# Using "Bait Alarms" with "Casting Reels"??



## CarpCatMan (Jul 18, 2005)

I have about a dozen Abu Garcia (5000 & 6000) casting reels. We mainly fish for carp and catfish. I just purchased a couple "bait alarms". These bait alarms seem to be great (very sensitive) BUT they seem to be designed mainly for spinning rod and reels!! We use custom made rod holders for shore fishing. My question is what is the best way to use "or mount" these bait alarms? I think that we'll need to turn our "casting rod and reels" up side down in the rod holders. 
The thread size (on the mount) of these bait alarms is 9mm which is very rare in the states. I think some type of "ground stake" would work. It would need to be expandable .... ANY IDEAS???


----------



## TimJC (Apr 6, 2004)

The threads on the bait alarm use British standard fine threading, which you will have trouble finding in the US outside of carp tackle suppliers.
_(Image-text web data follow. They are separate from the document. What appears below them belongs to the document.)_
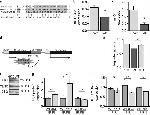 Calsequestrin Antibody in Western Blot (WB)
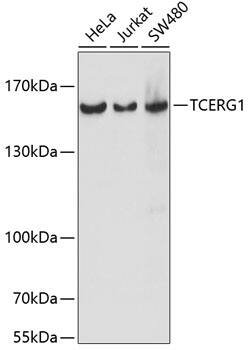 TCERG1 Antibody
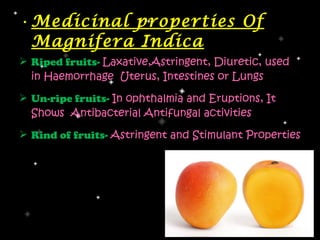• Medicinal properties Of
  Magnifera Indica
 Riped fruits- Laxative,Astringent, Diuretic, used
  in Haemorrhage Uterus, Intestines or Lungs

 Un-ripe fruits- In ophthalmia and Eruptions, It
  Shows Antibacterial Antifungal activities

 Rind of fruits- Astringent and Stimulant Properties
 
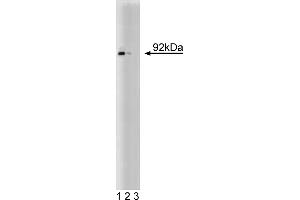 Western Blotting (WB) image for anti-Signal Transducer and Activator of Transcription 5A (STAT5A) (AA 451-649) antibody (ABIN967811) (STAT5A antibody  (AA 451-649))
The good news is that it sounds like what you are looking for are banksticks. These are almost always extendable, are listed by their collapsed size, and all come with the correctly threaded top that is standard for all European bite alarms. Take a look at http://www.bigcarptackle.com, http://www.wackerbaita.com or http://www.resistancetackle.com. Otherwise, Westside Bait and Tackle in Indianapolis is the closest store that stocks these items.


----------



## CarpCatMan (Jul 18, 2005)

Thanks Tim ..... that's a start!!


----------